Todos os anos, na primeira quinta-feira de fevereiro, no gigantesco salão de festas do Hilton Hotel, em Washington, se comemora o National Prayer Breakfast, uma megafesta de confraternização benemerente, que costuma reunir mais de 3,5 mil personalidades de cerca de 150 países. O pódio é dividido entre o presidente dos Estados Unidos e um convidado, desconhecido até o momento em que é chamado para ocupar o microfone. A curiosidade pelo convidado incógnito é um dos charmes da festa.
Na mesa de honra, o presidente Bill Clinton, em primeiro mandato, e seu vice, Al Gore, acompanhados das esposas. Houve um frisson no auditório quando uma mulher miúda e magra, trajando um hábito branco com debruns azuis, se deslocou em passo lento em direção à tribuna. A Madre Teresa de Calcutá tinha sido agraciada, em 1979, com o Nobel da Paz, mas ainda era pouco conhecida do grande público americano. Apresentada como convidada do ano, iniciou sua fala com um discurso politicamente sereno que valorizava a solidariedade entre os povos. Depois de alguns minutos, mudou o tom, com uma pergunta surpreendente: "Quem aqui acredita em Deus, por favor, levante a mão!" Depois do pasmo inicial, menos por fé inabalável e mais pela urgência em fugir do constrangimento de ser o único ateu, todos levantaram as mãos.
"Muito bem, então estamos entre devotos, e isto é sempre tranquilizador. Na calçada, em frente a este lindo hotel, estava uma mendiga com três crianças e, então, minha segunda pergunta: quantos dos senhores pararam para oferecer-lhes alguma ajuda?"
Depois de um burburinho que significava "o que está acontecendo aqui?", instalou-se um silêncio constrangedor, que só foi quebrado pela terceira pergunta, desafiadora e corajosa: "Como é que os senhores conseguem acreditar num Deus que não veem se estão cegos para o sofrimento e a fome dos seus semelhantes?"
Esta pequena gigante e maravilhosa, Madre Teresa, que se tornou um símbolo mundial da generosidade, seguiu com seu discurso duro e realista que, ao terminar, provocou um aplauso delirante do público e uma rigidez facial nos poderosos.
Admitiu que, mais de uma vez, ela própria teve conflitos com sua fé religiosa, mas nunca titubeou em reconhecer que a generosidade com o próximo é a mais autêntica conexão com o ser supremo que cada um elege como seu Deus.
Em 1948, ela recebeu autorização papal para sair do convento e ir viver entre os pobres na periferia de Calcutá.

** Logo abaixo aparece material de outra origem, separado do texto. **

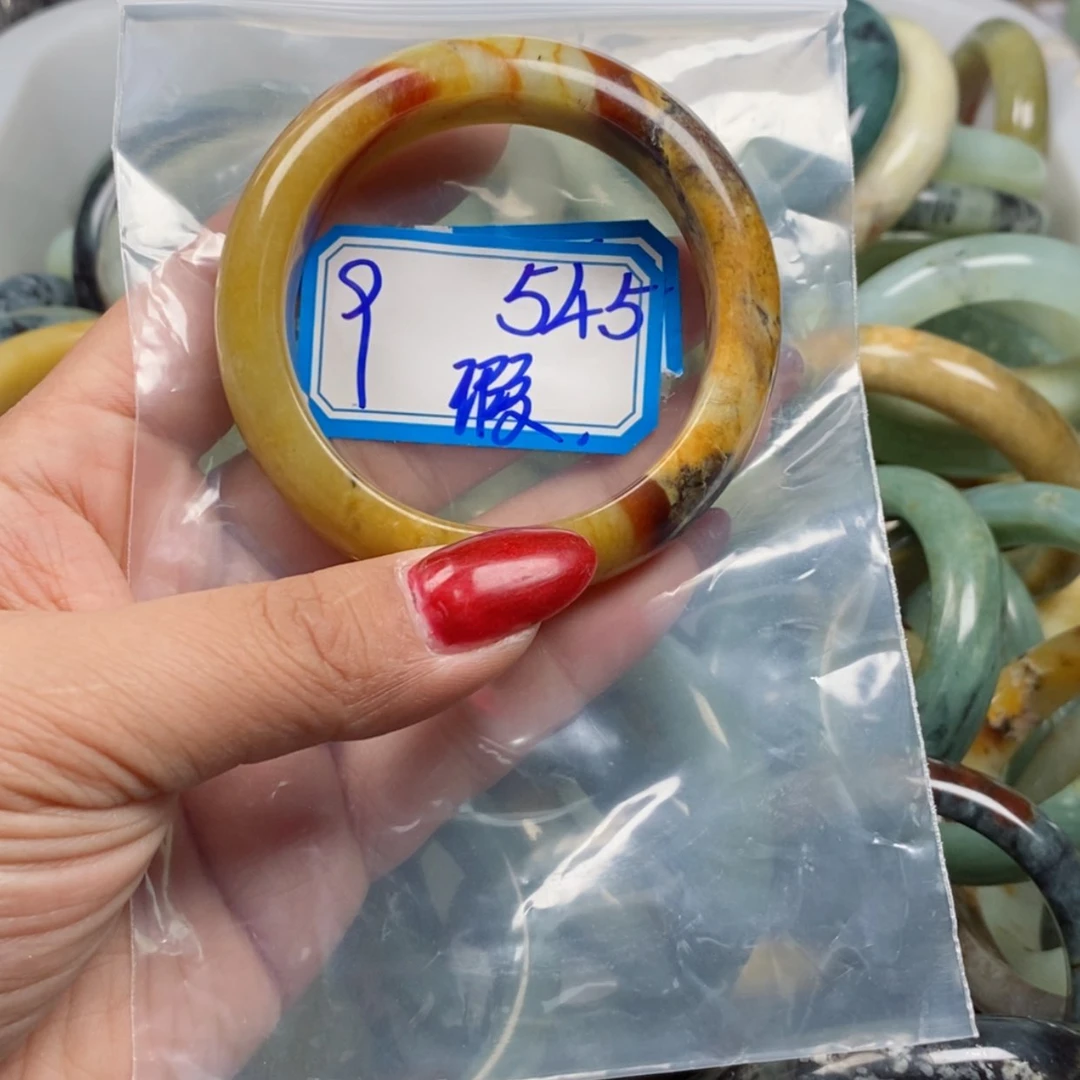 【闪购商品】蛇纹石玉手镯未镶嵌湘**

Mesmo tendo uma vida destinada a ajudar os miseráveis, a sua canonização mereceu muitas críticas de seus detratores, que a acusavam de ser adepta da pobreza para manter a sua obra social que se disseminou pelo mundo, através das Missionárias da Caridade, envolvendo mais de três mil religiosas.
Tendo falecido em 1997, foi beatificada pelo papa João Paulo II em 2003, e o processo de canonização só ocorreu em 2016, quando papa Francisco, diante da apresentação do segundo milagre atribuído a ela, assegurou-lhe a santificação, conforme os ritos da Igreja Católica. Seu poder de santidade continuou sendo contestado pela legião inconformada dos que não percebem que passar a vida inteira cuidando dos outros é o maior de todos os milagres.